Post 30 June

Managing Mill Allocations Without Losing Your Best Customers

In today’s steel market, mill allocations are tighter than ever. Supply is inconsistent, lead times are longer, and everyone is competing for limited tons. For VPs, that creates a brutal challenge: how do you manage constrained supply without putting your most valuable customer relationships at risk?

The answer isn’t guesswork. It’s strategy. Because when allocation pressure hits, how you prioritize, communicate, and act will define whether you come out stronger—or leave customers looking elsewhere.

The Reality of Allocation Scarcity

Let’s face it: when the mills tighten up, everyone suffers. You don’t have enough to go around. And even with strong supplier relationships, there’s no guarantee your forecasted tons will arrive on time—or in full.

This creates a domino effect across your business:

High-demand products are suddenly unavailable

Backorders pile up

Sales teams scramble for alternatives

Customers start shopping around

That’s the moment when VPs step in to make the hard calls—and protect what matters most.

Step One: Know Who Matters Most

Not all customers are created equal. In a constrained market, you need to prioritize based on more than just order size.

Use data to rank accounts based on:

Historical margin contribution

Lifetime value

Strategic importance (e.g. new market entry, multi-year contracts)

Reliability and payment history

AI tools can help segment customers in real time, so you’re not making emotional decisions when the pressure’s on. This creates a clear view of who gets priority—and who might need to wait.

Step Two: Align Sales and Operations

One of the biggest risks during allocation crunches is internal misalignment. Sales teams overpromise. Operations can’t deliver. And the result is a credibility crisis.

To avoid this:

Hold weekly alignment meetings focused on available inventory

Use AI-based demand forecasts to guide allocation planning

Set clear service-level tiers and communicate them consistently

This helps sales manage expectations and ensures operations is working from real data—not assumptions.

Step Three: Build and Communicate a Fair Policy

Customers understand that supply is tight. What they don’t tolerate is inconsistency. If one buyer hears “no” while another gets special treatment, you’ve just created a trust problem.

Establish and communicate a clear allocation strategy:

Share how you’re prioritizing orders

Offer alternatives (different specs, substitute products, delayed delivery slots)

Be transparent about lead times and realistic on ETAs

Customers don’t need perfection—they need consistency and honesty.

Step Four: Expand Your Options—Fast

While you’re protecting what you have, you should also be hunting for new sources.
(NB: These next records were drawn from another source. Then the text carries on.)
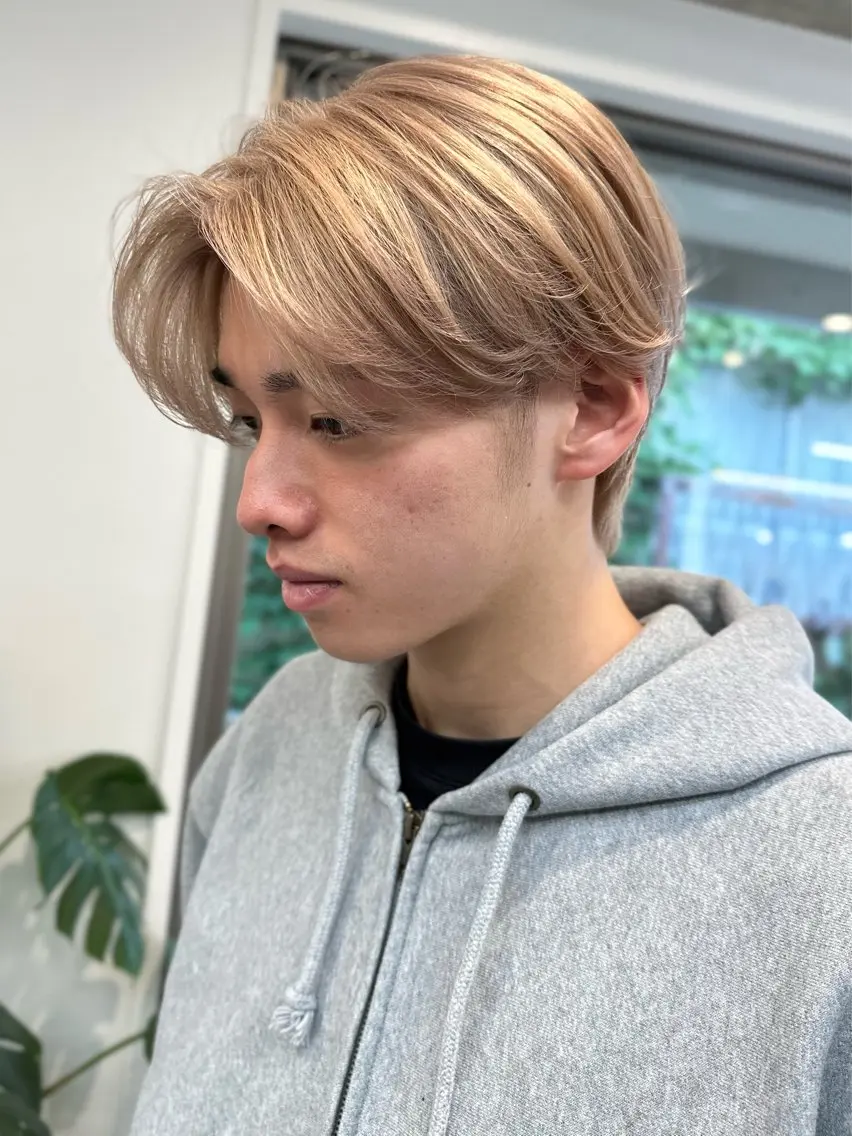 ショート メンズ センターパート カット ヘアカラー ミルクティーベージュ /三村克彦のヘアスタイル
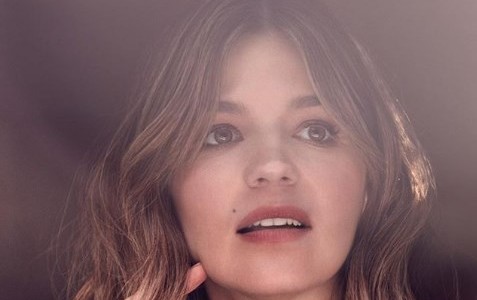 La tierna foto de Marcela Klosterboer amamantando a su hijo Otto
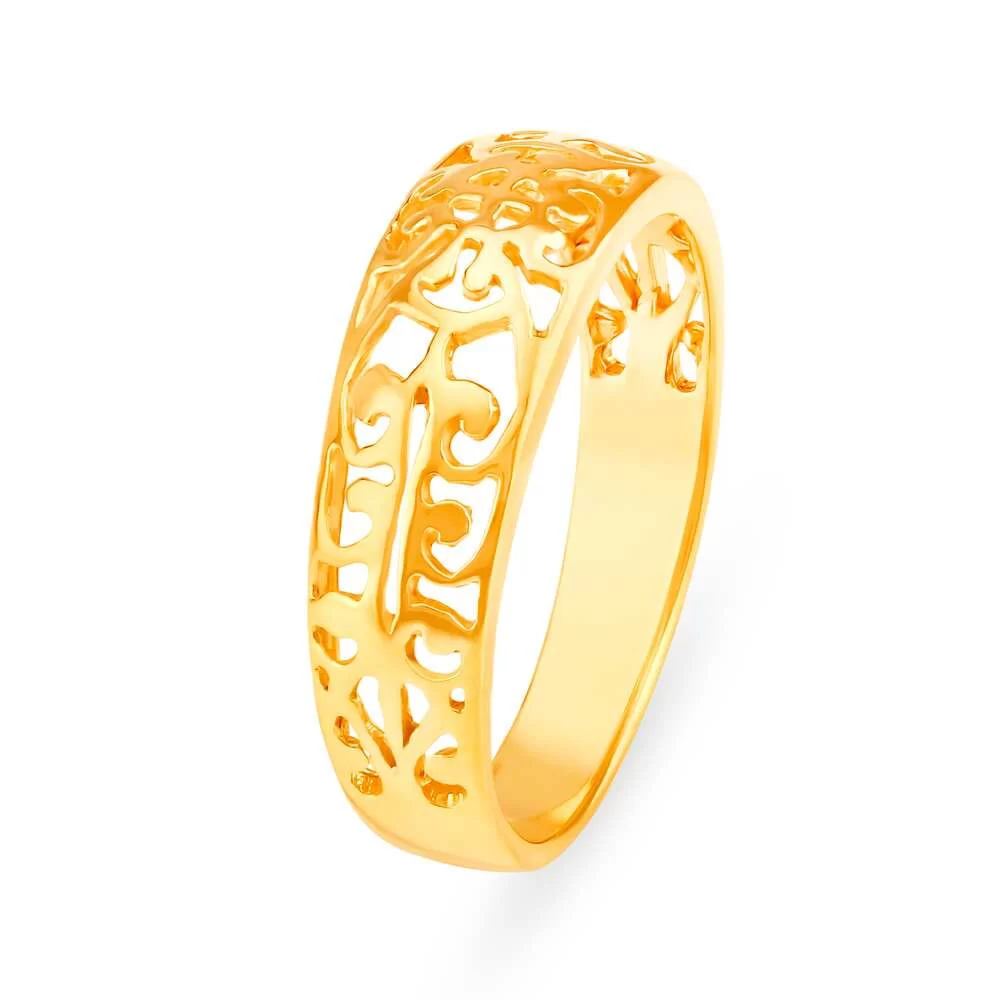 Sonorous Yellow Gold Carved Finger Ring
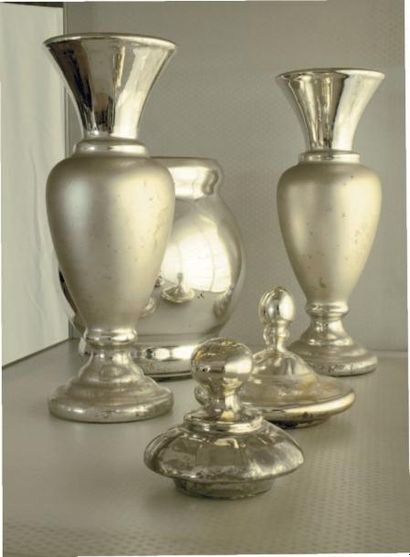 null Cinq pièces en verre mercurisé comprenant une paire de vases ovoïdes, un vase...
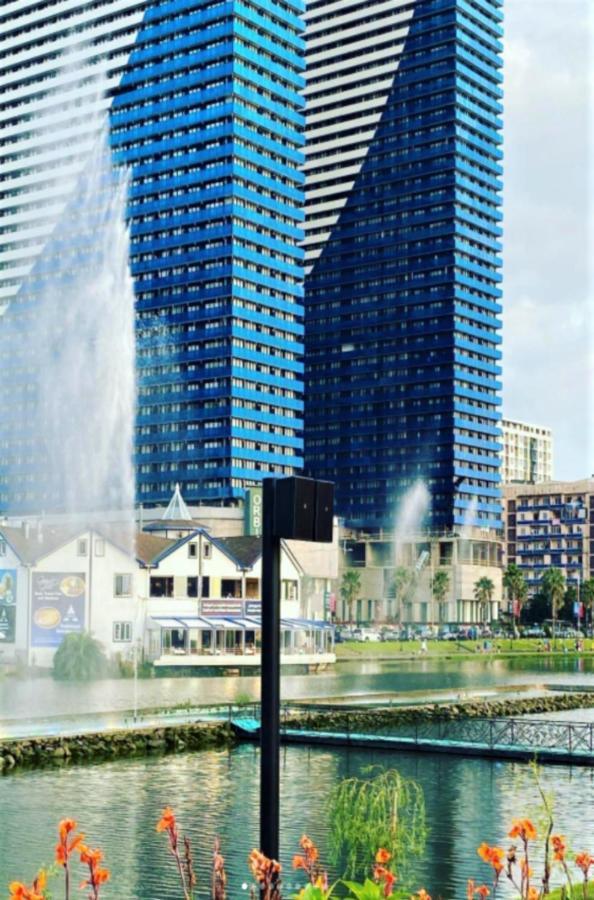 Orbi City Sea Side & Sea View Towers Batumi Bagian luar foto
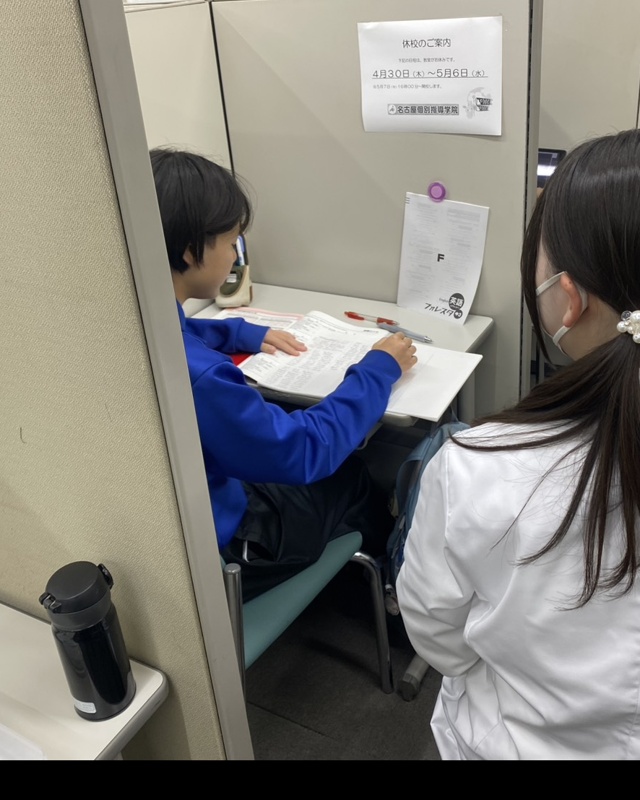 授業中の生徒と講師の様子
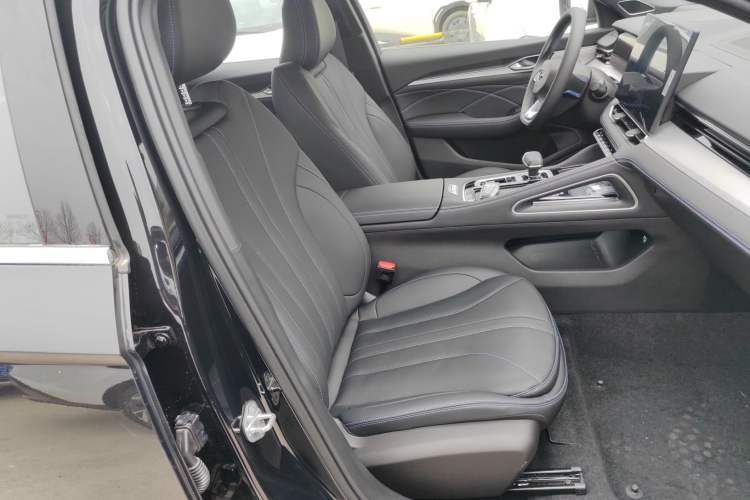 Used Geely Auto Preface 2026 Model Oriental Yao 1.5TD Fuyao Edition Right Front Seat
Diversify mill relationships where possible

Explore toll processing or subcontracted services to buy time

Shift demand to underutilized SKUs or alternative specs

AI planning tools can simulate the impact of these moves, helping you reroute supply intelligently without overpromising.

Step Five: Protect Your Core with Pricing Discipline

It’s tempting to open the floodgates to anyone willing to pay more during a shortage. But short-term profits can damage long-term loyalty.

Instead, protect your best customers by:

Locking in pricing tiers for priority accounts

Offering bundled programs to encourage loyalty

Charging premiums only when justified by cost and lead time shifts

This approach keeps your top customers close, even when supply is tight.

Step Six: Learn From the Squeeze

Allocation issues aren’t going away—they’ll be part of the landscape for the foreseeable future. Use every tight cycle as a chance to get smarter:

Refine your forecasting models

Upgrade internal communication tools

Track customer behavior shifts during allocation windows

Invest in capacity planning tech that gives you a faster edge next time

Every squeeze is a stress test. The goal isn’t just to survive—it’s to come out of it more agile and resilient.

Final Thought: Lead With Clarity and Backbone

Mill allocations will ebb and flow. But your customer relationships? Those should stay strong regardless of the cycle.

That strength comes from how you manage pressure. Do you hide behind excuses—or lead with transparency? Do you panic—or prioritize with precision?

As a VP, your role isn’t to make everyone happy. It’s to make sure the business survives the tight times and thrives in the next phase. And that starts with knowing who matters, telling them the truth, and showing them you’ve got a plan.

Because in the end, customers don’t leave because you couldn’t deliver every ton. They leave when they feel like they don’t matter. Show them they do—even when it’s hard—and they’ll still be with you when the steel starts flowing again.